> **Activity**
Transcribe exactly, and only, the lines from the one containing "Le Bijou Parisien" through the last line of the data.

Short text fragments from websites:

□ □ □ □ □ □ □

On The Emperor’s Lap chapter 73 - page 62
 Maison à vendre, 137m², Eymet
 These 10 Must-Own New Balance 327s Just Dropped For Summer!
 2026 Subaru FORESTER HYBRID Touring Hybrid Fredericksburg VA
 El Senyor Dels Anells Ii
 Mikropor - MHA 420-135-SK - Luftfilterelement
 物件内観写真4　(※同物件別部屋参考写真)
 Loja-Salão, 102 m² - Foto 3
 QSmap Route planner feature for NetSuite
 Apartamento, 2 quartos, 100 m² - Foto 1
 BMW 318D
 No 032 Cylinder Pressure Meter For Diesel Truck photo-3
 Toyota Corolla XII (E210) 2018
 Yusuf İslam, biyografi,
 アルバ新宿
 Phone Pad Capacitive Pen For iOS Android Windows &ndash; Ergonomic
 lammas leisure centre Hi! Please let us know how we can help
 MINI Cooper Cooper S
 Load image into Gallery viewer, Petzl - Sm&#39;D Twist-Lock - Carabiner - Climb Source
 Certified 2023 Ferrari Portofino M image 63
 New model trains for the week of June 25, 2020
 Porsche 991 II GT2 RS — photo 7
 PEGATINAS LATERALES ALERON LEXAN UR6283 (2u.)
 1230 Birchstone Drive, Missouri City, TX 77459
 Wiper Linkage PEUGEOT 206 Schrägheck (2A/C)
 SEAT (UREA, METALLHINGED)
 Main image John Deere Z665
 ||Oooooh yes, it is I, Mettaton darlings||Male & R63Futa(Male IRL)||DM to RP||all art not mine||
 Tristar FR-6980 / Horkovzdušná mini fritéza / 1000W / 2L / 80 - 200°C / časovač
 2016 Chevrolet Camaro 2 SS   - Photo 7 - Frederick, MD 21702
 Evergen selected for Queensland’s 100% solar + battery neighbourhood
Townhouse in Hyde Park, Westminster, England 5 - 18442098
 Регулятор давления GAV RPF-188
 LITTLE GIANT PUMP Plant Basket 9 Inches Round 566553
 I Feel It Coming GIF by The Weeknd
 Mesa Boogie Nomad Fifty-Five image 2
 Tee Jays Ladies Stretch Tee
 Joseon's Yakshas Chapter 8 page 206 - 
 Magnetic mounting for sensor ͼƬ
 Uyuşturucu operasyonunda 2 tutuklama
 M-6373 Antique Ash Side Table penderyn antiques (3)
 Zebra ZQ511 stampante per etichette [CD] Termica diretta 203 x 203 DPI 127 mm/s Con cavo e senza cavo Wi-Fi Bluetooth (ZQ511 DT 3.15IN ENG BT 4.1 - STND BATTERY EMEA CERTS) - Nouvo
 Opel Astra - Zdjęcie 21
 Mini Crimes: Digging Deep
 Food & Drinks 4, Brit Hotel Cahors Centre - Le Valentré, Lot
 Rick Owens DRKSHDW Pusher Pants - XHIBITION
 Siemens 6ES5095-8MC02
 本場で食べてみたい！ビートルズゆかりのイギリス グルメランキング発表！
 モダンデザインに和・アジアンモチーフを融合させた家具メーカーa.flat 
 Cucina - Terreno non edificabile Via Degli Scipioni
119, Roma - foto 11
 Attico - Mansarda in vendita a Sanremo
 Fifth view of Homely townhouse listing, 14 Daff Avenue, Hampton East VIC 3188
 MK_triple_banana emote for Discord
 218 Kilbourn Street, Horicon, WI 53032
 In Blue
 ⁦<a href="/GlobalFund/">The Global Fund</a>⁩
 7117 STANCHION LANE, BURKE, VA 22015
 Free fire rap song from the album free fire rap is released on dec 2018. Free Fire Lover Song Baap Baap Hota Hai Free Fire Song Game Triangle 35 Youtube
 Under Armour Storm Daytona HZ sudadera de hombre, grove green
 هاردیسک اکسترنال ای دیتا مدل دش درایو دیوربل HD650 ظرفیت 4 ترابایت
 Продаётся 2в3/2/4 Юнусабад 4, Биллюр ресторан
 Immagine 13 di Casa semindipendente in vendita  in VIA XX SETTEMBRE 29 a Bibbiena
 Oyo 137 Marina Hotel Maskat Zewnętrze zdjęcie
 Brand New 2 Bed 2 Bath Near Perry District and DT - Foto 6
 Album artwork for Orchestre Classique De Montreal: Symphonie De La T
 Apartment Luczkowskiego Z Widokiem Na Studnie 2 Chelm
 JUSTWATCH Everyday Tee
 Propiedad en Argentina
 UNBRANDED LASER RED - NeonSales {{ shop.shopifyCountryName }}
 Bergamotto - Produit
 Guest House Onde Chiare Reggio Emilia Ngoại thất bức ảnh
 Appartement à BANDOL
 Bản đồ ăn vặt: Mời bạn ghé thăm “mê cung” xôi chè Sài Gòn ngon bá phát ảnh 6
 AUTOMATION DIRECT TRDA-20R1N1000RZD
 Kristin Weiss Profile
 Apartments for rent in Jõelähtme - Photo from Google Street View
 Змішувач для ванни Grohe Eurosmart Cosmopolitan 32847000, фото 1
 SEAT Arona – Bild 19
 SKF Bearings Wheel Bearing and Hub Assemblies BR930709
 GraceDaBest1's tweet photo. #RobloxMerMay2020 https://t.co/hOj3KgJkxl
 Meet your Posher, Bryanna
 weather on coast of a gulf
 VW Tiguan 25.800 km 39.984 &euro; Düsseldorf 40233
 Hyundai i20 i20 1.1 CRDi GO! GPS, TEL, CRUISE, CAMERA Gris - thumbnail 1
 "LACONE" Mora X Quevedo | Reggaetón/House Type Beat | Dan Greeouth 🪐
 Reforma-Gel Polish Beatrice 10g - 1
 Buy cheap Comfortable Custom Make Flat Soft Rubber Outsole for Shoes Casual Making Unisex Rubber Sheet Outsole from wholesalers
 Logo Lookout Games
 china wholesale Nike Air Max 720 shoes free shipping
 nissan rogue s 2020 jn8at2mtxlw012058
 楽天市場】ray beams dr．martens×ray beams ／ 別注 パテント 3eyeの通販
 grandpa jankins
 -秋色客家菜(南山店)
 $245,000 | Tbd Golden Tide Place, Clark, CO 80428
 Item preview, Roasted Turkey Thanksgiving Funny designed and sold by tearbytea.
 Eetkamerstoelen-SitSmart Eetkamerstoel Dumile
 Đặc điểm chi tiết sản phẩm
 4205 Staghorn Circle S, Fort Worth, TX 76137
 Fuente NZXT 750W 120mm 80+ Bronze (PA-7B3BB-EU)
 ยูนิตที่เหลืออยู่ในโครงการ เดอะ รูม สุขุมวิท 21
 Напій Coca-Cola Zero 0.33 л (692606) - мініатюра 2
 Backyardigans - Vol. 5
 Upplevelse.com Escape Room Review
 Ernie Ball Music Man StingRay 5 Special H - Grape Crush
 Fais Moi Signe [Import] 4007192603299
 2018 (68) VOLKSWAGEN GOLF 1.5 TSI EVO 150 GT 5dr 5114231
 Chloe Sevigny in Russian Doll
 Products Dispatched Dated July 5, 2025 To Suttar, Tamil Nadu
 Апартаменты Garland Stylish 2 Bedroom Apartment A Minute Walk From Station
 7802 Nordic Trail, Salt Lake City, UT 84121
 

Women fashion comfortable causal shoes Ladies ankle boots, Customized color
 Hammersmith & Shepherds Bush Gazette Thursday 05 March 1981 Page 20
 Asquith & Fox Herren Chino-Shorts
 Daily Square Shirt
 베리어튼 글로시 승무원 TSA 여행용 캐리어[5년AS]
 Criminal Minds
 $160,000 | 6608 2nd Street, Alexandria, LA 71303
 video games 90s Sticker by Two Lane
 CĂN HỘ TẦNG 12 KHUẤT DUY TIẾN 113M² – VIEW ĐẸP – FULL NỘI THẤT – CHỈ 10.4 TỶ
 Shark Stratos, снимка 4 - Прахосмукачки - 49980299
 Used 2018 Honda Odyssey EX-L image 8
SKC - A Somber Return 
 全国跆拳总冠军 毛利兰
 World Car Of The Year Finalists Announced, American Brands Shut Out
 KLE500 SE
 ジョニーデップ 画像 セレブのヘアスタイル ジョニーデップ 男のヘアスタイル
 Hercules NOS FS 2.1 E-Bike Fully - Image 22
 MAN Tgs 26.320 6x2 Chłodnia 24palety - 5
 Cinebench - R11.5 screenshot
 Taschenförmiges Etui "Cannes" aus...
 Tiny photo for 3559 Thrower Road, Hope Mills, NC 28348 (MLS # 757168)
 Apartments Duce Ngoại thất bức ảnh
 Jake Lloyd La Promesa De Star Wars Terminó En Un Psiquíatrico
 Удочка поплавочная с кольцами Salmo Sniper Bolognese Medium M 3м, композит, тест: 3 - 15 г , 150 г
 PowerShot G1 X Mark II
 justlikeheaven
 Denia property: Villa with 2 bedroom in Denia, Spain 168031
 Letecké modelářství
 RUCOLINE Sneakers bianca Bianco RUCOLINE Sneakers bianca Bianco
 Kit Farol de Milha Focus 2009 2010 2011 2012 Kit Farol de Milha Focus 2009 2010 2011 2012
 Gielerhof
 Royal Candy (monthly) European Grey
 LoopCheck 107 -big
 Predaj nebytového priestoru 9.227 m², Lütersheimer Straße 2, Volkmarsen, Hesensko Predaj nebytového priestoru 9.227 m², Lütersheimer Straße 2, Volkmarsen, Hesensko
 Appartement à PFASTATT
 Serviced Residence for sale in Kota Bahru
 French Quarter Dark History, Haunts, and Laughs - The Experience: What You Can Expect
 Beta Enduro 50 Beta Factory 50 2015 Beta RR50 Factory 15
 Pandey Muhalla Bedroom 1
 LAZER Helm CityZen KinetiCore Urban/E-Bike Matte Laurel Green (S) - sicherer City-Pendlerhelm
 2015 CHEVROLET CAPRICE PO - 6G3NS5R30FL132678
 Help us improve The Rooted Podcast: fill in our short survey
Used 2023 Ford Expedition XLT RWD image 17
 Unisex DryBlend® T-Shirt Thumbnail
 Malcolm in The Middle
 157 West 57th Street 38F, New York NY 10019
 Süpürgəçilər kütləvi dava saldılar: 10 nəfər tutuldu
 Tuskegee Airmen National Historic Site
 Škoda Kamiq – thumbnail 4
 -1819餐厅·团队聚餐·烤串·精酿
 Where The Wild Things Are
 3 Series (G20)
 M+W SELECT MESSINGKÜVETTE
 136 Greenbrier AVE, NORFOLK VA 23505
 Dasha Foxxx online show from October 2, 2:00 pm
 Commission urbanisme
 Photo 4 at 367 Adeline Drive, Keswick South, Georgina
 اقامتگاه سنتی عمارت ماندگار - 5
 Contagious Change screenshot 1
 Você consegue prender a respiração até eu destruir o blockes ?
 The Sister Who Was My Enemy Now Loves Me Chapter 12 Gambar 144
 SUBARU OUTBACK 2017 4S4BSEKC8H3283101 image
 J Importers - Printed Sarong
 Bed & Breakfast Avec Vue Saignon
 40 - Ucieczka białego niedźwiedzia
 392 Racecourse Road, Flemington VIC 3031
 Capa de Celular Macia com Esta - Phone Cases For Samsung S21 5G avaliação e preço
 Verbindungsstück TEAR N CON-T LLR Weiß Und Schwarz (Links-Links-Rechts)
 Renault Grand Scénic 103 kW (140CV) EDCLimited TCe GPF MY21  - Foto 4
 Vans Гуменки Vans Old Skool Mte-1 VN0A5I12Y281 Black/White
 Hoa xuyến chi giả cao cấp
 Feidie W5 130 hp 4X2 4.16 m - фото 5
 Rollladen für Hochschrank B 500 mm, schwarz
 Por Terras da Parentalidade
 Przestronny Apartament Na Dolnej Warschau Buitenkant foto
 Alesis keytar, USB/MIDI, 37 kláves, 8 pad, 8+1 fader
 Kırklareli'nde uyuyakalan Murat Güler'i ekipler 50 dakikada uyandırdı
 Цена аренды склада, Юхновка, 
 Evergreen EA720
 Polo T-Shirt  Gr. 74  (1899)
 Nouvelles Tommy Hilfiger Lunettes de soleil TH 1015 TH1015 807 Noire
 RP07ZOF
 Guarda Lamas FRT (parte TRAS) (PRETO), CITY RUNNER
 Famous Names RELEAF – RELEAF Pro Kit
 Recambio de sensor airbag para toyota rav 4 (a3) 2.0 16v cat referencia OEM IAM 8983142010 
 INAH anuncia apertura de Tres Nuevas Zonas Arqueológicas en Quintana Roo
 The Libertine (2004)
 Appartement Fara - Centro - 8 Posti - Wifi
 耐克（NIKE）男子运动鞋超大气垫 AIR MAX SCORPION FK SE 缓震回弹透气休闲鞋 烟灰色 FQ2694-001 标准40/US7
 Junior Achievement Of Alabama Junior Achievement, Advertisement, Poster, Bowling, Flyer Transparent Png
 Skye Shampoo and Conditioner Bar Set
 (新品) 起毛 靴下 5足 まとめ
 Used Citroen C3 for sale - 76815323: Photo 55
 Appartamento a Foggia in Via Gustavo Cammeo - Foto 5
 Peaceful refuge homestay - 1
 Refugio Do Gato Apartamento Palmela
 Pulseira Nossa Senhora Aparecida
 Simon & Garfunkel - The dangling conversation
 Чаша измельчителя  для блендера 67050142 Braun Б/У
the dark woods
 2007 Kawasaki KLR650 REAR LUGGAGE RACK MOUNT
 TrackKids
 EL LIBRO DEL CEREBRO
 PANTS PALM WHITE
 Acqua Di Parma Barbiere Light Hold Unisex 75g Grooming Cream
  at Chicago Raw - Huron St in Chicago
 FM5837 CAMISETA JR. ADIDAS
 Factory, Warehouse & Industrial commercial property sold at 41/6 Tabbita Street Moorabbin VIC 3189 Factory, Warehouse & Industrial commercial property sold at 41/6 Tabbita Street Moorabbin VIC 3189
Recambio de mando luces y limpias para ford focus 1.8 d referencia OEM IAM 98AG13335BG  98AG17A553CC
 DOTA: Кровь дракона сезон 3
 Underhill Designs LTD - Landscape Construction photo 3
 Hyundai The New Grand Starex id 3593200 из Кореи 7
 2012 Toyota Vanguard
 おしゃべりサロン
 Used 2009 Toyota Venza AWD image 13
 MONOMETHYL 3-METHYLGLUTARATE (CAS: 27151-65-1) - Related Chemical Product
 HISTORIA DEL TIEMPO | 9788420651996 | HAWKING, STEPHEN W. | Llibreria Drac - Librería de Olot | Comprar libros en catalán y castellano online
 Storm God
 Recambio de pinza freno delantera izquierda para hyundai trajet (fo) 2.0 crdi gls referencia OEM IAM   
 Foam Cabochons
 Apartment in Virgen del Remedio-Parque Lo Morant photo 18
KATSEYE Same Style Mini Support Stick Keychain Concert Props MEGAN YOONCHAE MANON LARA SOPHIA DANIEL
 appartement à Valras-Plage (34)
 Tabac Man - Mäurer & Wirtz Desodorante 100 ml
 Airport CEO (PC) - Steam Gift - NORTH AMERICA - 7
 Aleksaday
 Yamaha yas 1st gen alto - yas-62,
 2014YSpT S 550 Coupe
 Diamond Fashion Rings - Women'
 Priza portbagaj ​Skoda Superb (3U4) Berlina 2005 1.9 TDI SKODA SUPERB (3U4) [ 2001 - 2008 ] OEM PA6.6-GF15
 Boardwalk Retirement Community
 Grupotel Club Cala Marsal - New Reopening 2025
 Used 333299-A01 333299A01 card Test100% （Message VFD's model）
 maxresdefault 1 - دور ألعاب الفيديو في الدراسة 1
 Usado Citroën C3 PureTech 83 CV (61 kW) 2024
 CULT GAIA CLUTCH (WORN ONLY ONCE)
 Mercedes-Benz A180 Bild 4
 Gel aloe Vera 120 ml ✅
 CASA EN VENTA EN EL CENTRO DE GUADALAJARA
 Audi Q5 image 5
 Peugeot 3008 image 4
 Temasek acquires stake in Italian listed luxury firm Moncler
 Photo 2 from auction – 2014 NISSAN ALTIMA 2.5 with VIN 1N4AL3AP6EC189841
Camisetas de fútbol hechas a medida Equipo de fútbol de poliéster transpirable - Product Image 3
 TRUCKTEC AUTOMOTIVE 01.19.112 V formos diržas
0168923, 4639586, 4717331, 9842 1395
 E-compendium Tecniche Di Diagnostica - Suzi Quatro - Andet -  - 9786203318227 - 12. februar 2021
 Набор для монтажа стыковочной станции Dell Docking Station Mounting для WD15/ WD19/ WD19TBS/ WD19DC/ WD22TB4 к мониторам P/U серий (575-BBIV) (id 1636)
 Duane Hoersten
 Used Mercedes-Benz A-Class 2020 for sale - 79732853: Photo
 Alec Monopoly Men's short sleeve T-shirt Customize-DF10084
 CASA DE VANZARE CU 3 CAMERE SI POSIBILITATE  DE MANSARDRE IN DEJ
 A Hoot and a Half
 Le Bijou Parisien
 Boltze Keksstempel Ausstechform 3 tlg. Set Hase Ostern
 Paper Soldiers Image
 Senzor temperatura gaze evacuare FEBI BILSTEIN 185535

□ □ □ □ □ □ □

> **Written answer**
 Le Bijou Parisien
 Boltze Keksstempel Ausstechform 3 tlg. Set Hase Ostern
 Paper Soldiers Image
 Senzor temperatura gaze evacuare FEBI BILSTEIN 185535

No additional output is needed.